BHP boss Andrew Mackenzie said global demand for Australian resources will continue, but warned the nation will lose its competitive edge if workplace relations, tax regimes, and regulatory red tape are not fixed.
''The question is not if Asia's demand for commodities will be met but rather which countries will deliver the supply,” Mackenzie said.
"There are even greater opportunities ahead. Global demand for commodities is expected to grow by up to 75 per cent over the next 15 years.”
Mackenzie said Australia was in a good position to deliver resources to its Asian neighbours but warned other suppliers were quickly catching up.
''Australia is in pole position to do so … but Australia must compete hard against both existing and emerging suppliers,” he said.
Mackenzie said the fiercest competition came from China’s low coast coking coal, thermal energy coal from the U.S and LNG from the U.S, Canada and Africa, AAP reported.
While he also saw copper from Chile and Peru as direct competition.
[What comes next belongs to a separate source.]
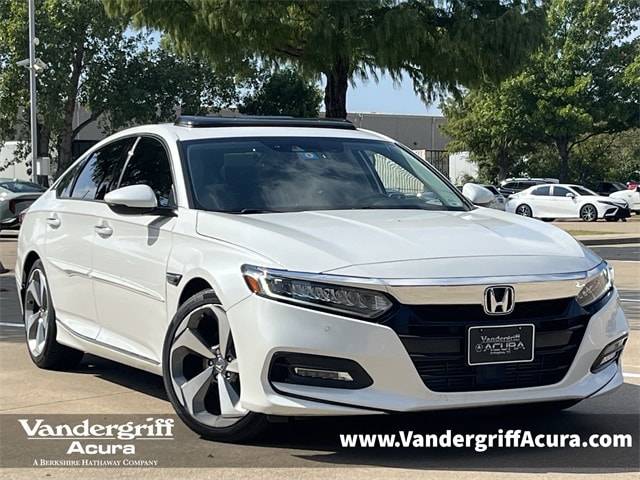 2019 Honda Accord Touring — Sedan — 104,895 mi — Arlington, TX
Mackenzie called on the government to create policies which ensured investment in the sector would continue to flow.
"We must all get sharper at productivity,” he said.
"(Government's) role is to provide efficient regulatory systems, foreign, fiscal and trade policies that encourage stability, and open markets.
''For a country to secure investment, it must create the conditions for the resources industry to prosper … industry and policy makers must now recommit to Australia's future competitiveness to make sure Australia remains a supplier of choice.”
Mackenzie also called for a ‘modern industrial relations framework’ that would bring workers and employers ‘onto the same page’.
Despite having operations all over the world, Mackenzie said BHP was ''a company firmly rooted in Australia'', highlighting the miner is the nation’s highest taxpayer.
BHP paid $US9 billion in tax in the 2011/12 financial year, he said, with around 70 per cent of BHP's profit that year coming from Australia.